Na sequência, ao ouvir as palavras do arcanjo Gabriel, Maria ficou a pensar no significado da saudação que lhe havia sido dirigida (cf. Lc 1,29; mas logo em seguida, o anjo dirá: “Não tenhas medo, Maria!” (v. 30). Maria tinha motivo para ter medo, além das circunstâncias legais da época, era grande o peso de carregar o fardo do mundo sobre si mesma, ser a mãe do Rei do Universo, ser a mãe do Filho de Deus! Um peso acima das forças de um ser humano! Mas o anjo tranquiliza Maria dizendo: “Não tenhas medo!” (v. 30).  Com esta expressão do anjo Gabriel também nós recebemos uma valiosa lição: Não precisamos ter medo de receber Jesus neste Natal e de testemunhá-lo a todos.

Neste trecho evangélico, é também significativa a resposta de Maria ao anjo, concluindo o diálogo: “Eis aqui a Serva do Senhor. Faça-se em mim, segundo a tua palavra” (v. 38).  Maria diz “sim” àquela vontade divina e, com isto, abre a porta do mundo a Deus.  Com estas palavras, podemos lembrar da oração do Pai Nosso, onde temos uma expressão semelhante: “Seja feita a vossa vontade”.  Maria deu a cada um de nós o exemplo: Devemos fazer sempre a vontade de Deus.
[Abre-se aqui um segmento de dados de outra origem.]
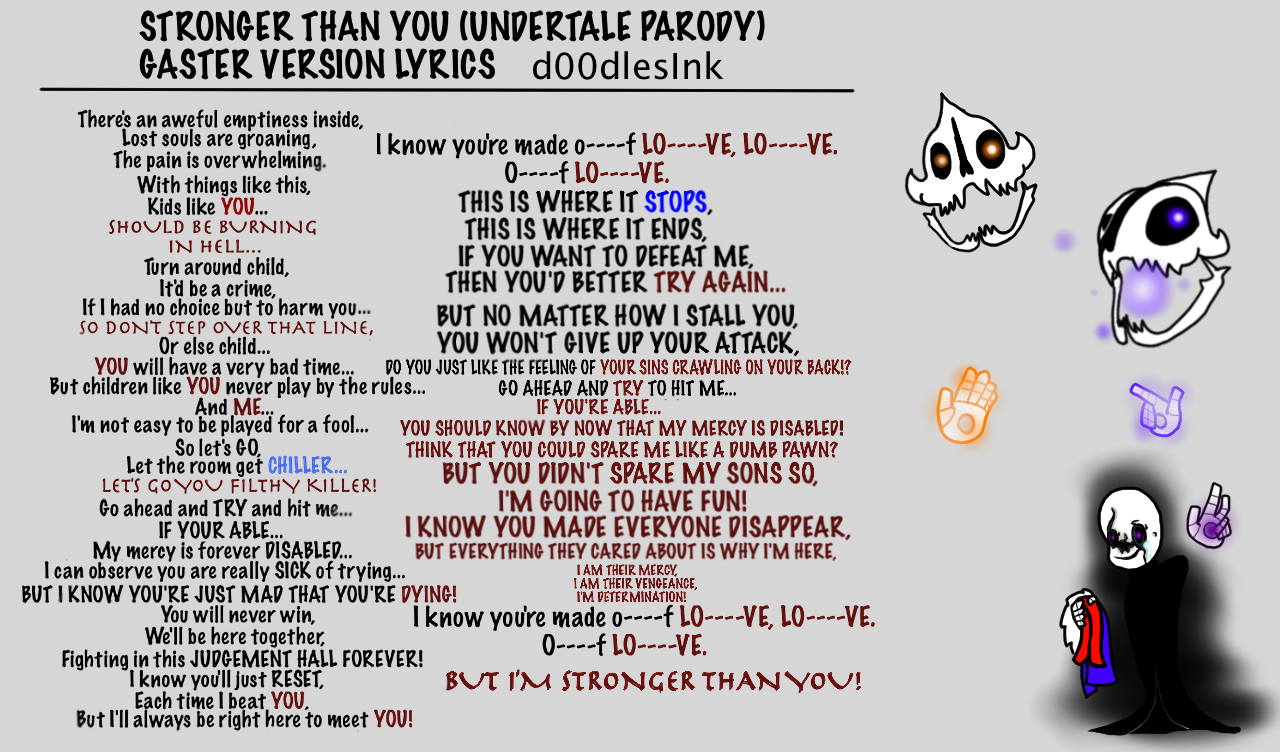Gaster Stronger Than You Fanlyric Undertale Parody By D00dlesink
Esta resposta de Maria precisa ser considerada.  Ela chama a si mesma de “Serva do Senhor”.  O Evangelista São Lucas a havia chamado de “Virgem”, o anjo, de “cheia de graça”; e seus pais, de “Maria”.  O servo depende de seu senhor, da sua vontade.  E Maria, se auto identificou como a Serva do Senhor. A palavra do anjo é uma ordem: “Conceberás e darás à luz”;  que Maria aceita em sinal de obediência e alegria. É também importante notar que o Filho de Deus não se encarnou sem o consentimento daquela que devia ser sua mãe. Este exemplo se aplica aos dois fatores de nossa santificação: A graça de Deus e a cooperação da nossa vontade.
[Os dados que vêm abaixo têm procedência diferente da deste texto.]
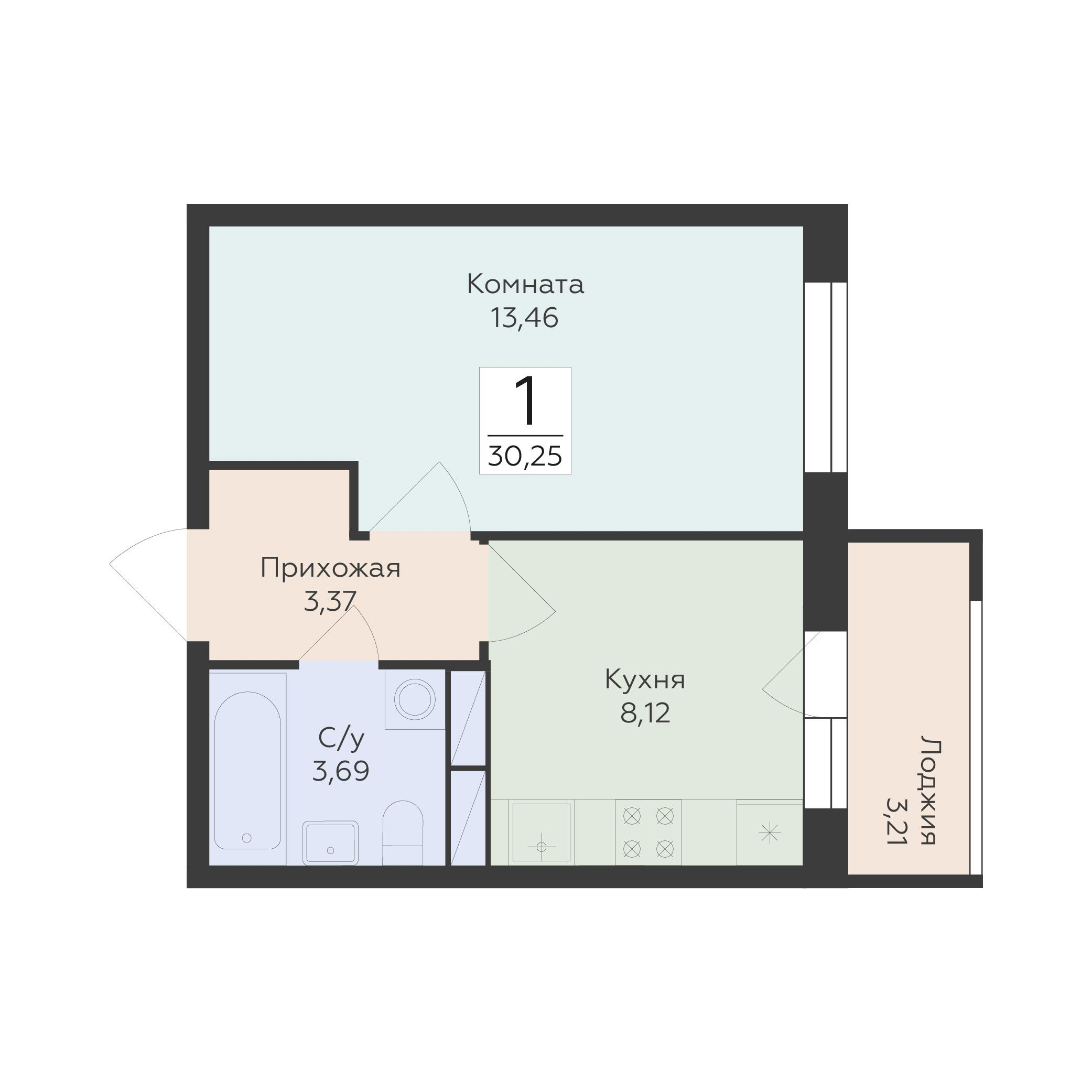 1-комнатная 30 м2 в ЖК Flora корпус null этаж 8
O exemplo da Virgem de Nazaré é para todos nós um convite a acolher com total abertura de espírito o Cristo que vem no Natal, que por amor se faz nosso irmão. Ele vem para trazer a paz ao mundo: “Paz na terra aos homens por Ele amados!” (Lc 2,14), como anunciaram os anjos aos pastores. O dom precioso do Natal é a paz, e Cristo é a nossa paz.

Preparemo-nos para celebrar dignamente o Natal já próximo. Sigamos com Maria e José rumo a Belém. Que os nossos passos caminhem em direção ao Menino Jesus que nasce; e os nossos olhos se abram para que possamos ver e reconhecer o Filho de Deus entre nós e que possamos abrir de par em par as portas do nosso coração para acolhê-lo.  Um feliz Natal a todos!  Assim seja.